[Problem details]
Print every line from the start of the data, and when you reach the line with "Horses in the mountains", include it and stop. Pictures are not part of the copy.

[Source records]
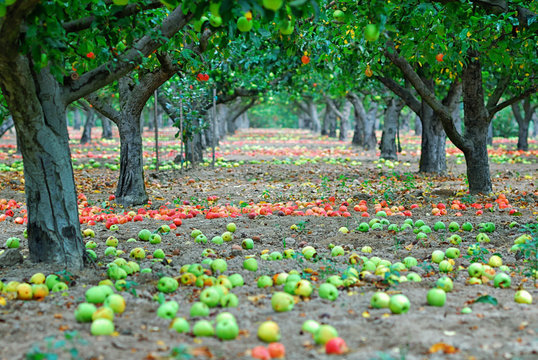 Fallen apples laying on the ground  of an orchard.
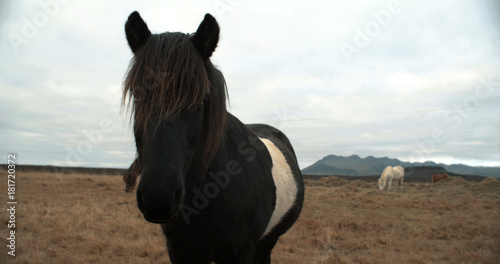 Horses in the mountains in Iceland. Icelandic horses in the Snæfellsnes Peninsula area over Icelandic highlands.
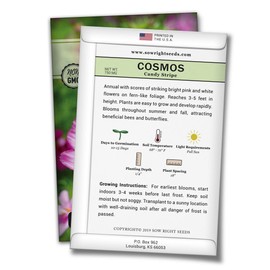 Sow Right Seeds - Candystripe Cosmos Flower Seeds for Planting, Beautiful Flowers to Plant in Your Garden; Non-GMO Heirloom Seeds; Wonderful Gardening Gifts (1 Packet)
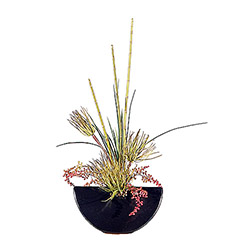 Tilandsia With reeds And Derrys Gunmetal Gray Ceramic Container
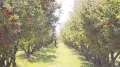 Kazakhstan begins introducing unique plant protection system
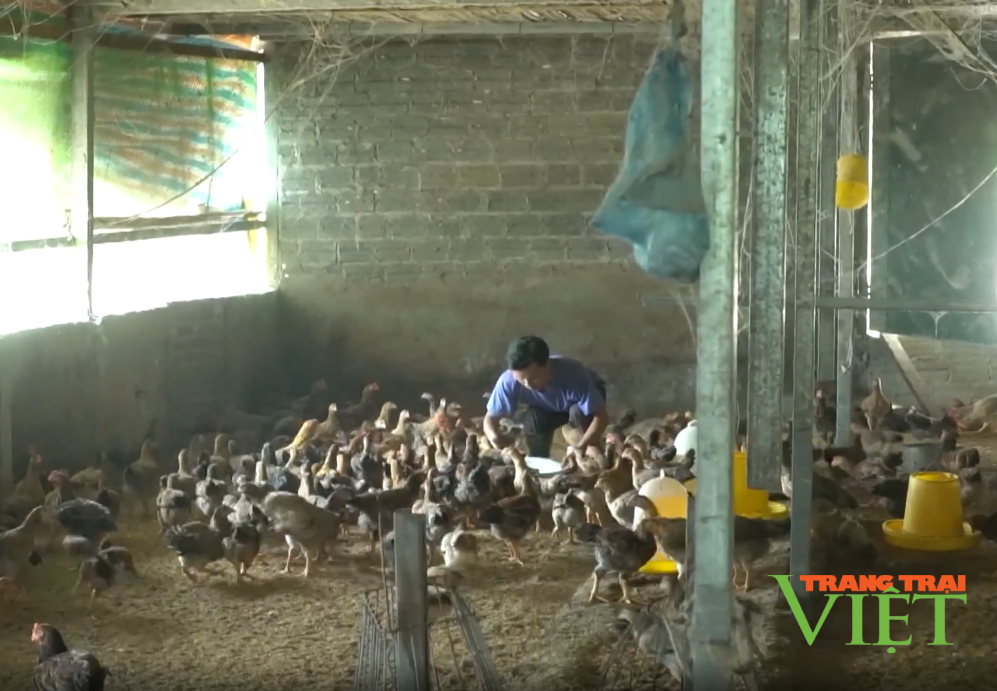 Lai Châu: Nông dân xã Bản Lang chung tay bảo vệ môi trường - Ảnh 3.
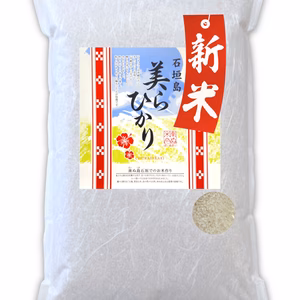 【新米】《白米》残留農薬不検出 石垣島産 ちゅらひかり 令和7年産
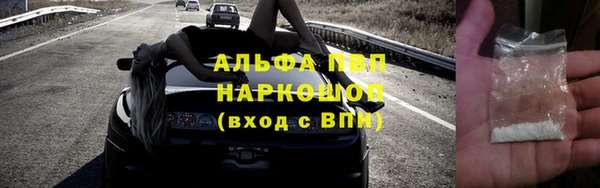 прущие грибы Верхнеуральск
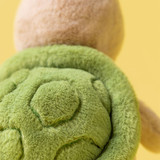 Thimble Turtle, View 1
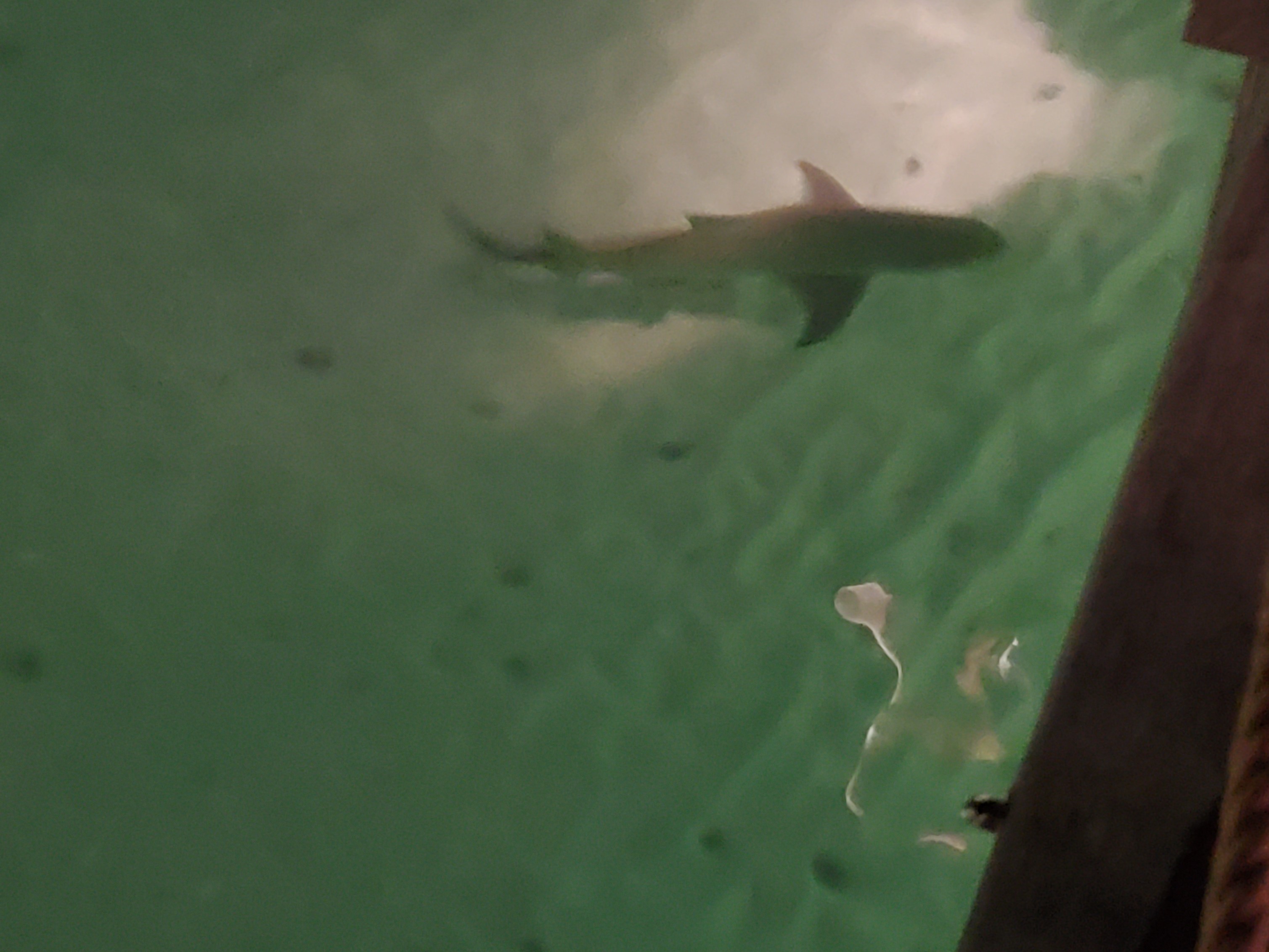 The blue tip shark and jellyfish swim right under the over water bungalows at Le Bora Bora By Pearl Resorts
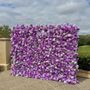 Photo of Rose Wall San Diego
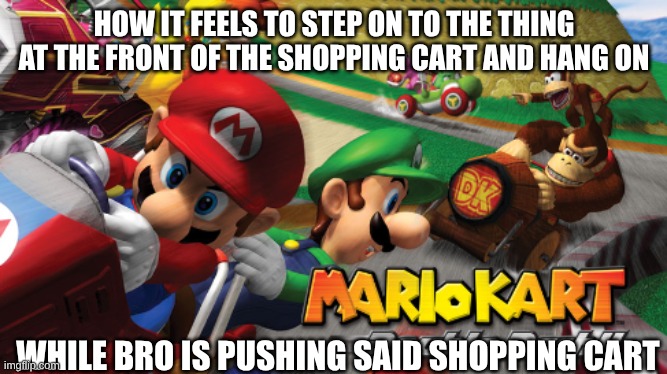 relatable? | HOW IT FEELS TO STEP ON TO THE THING AT THE FRONT OF THE SHOPPING CART AND HANG ON; WHILE BRO IS PUSHING SAID SHOPPING CART | image tagged in mario kart double dash | made w/ Imgflip meme maker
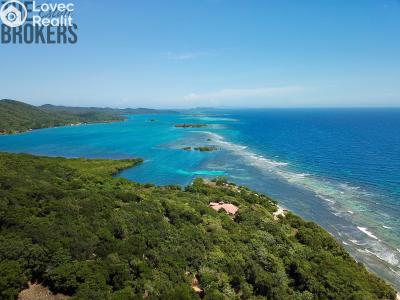 Sale villa Coxen Hole,Honduras č. 77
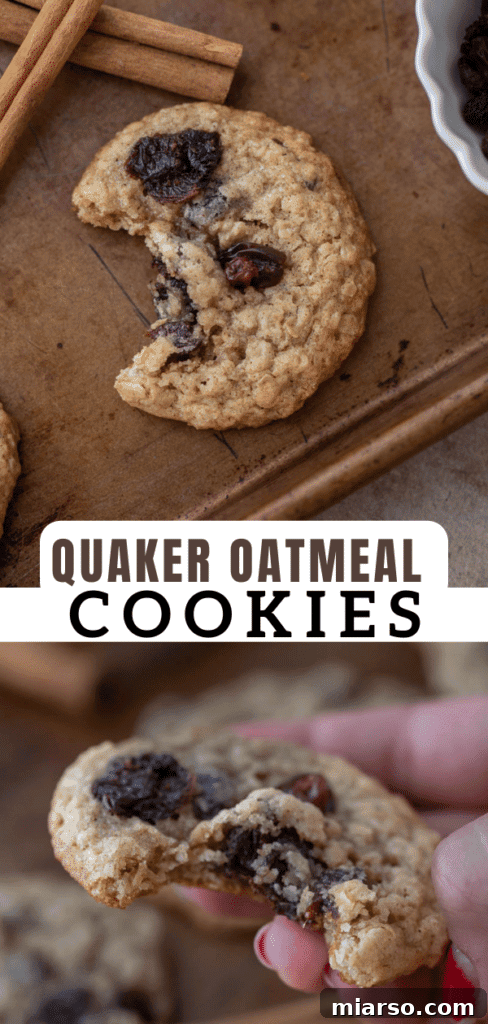 Delicious original Quaker oatmeal cookies artfully arranged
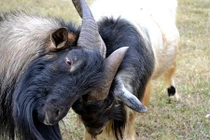 Những màn tử chiến đồng loại kinh hoàng của dê 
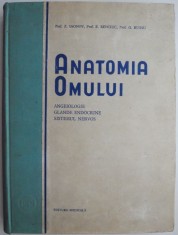 Anatomia omului. Angeiologie, glande endocrine, sistemul nervos &ndash; Z. Iagnov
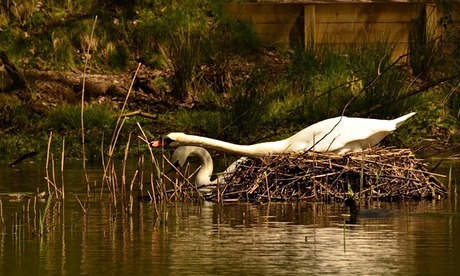 swan building nest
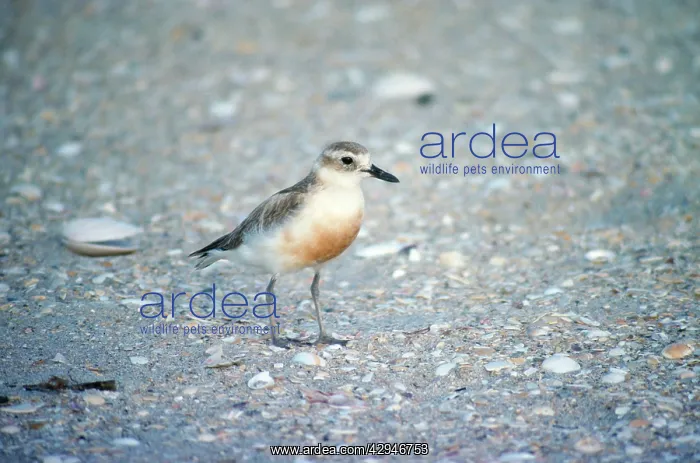 : New Zealand DOTTEREL : New Zealand DOTTEREL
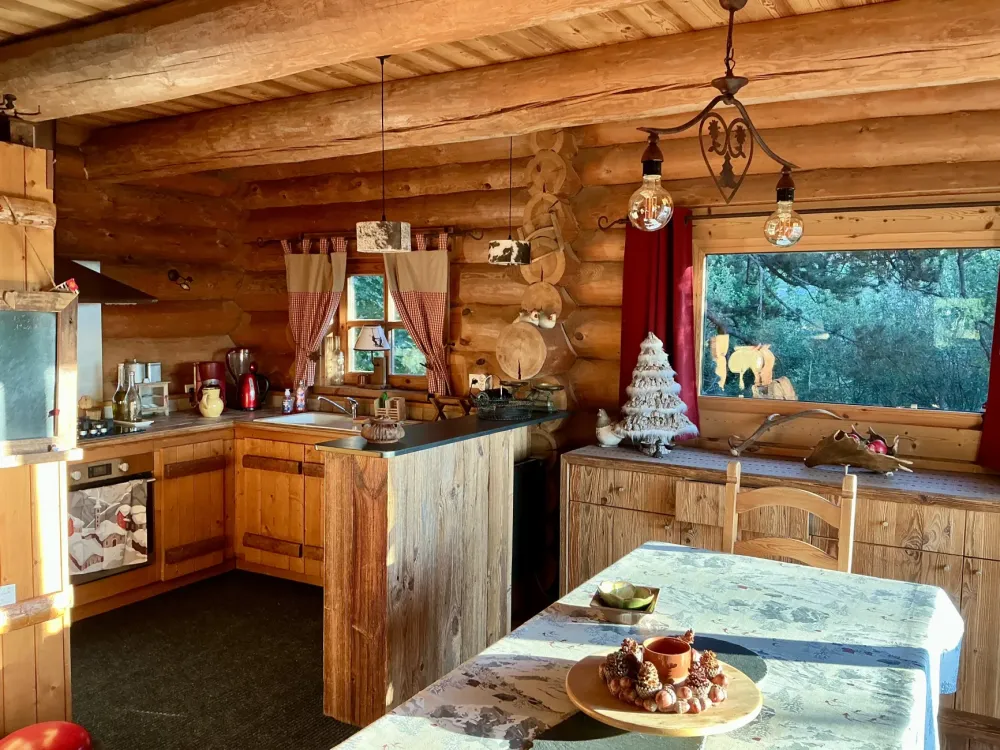 salle à manger et cuisine avec vue dans les arbres 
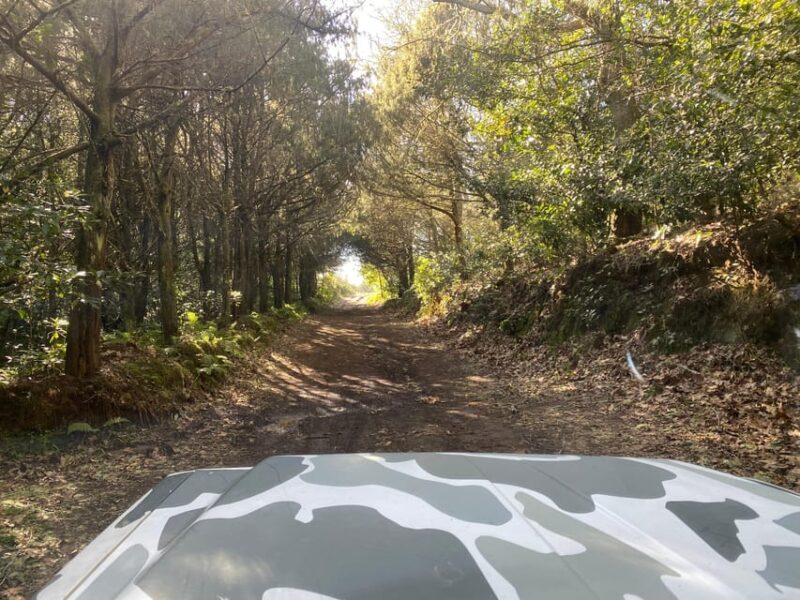 North-East Madeira Jeep Safari Tour for the Nature Lovers - Itinerary Highlights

[Task response]
 Fallen apples laying on the ground  of an orchard.
 Horses in the mountains in Iceland. Icelandic horses in the Snæfellsnes Peninsula area over Icelandic highlands.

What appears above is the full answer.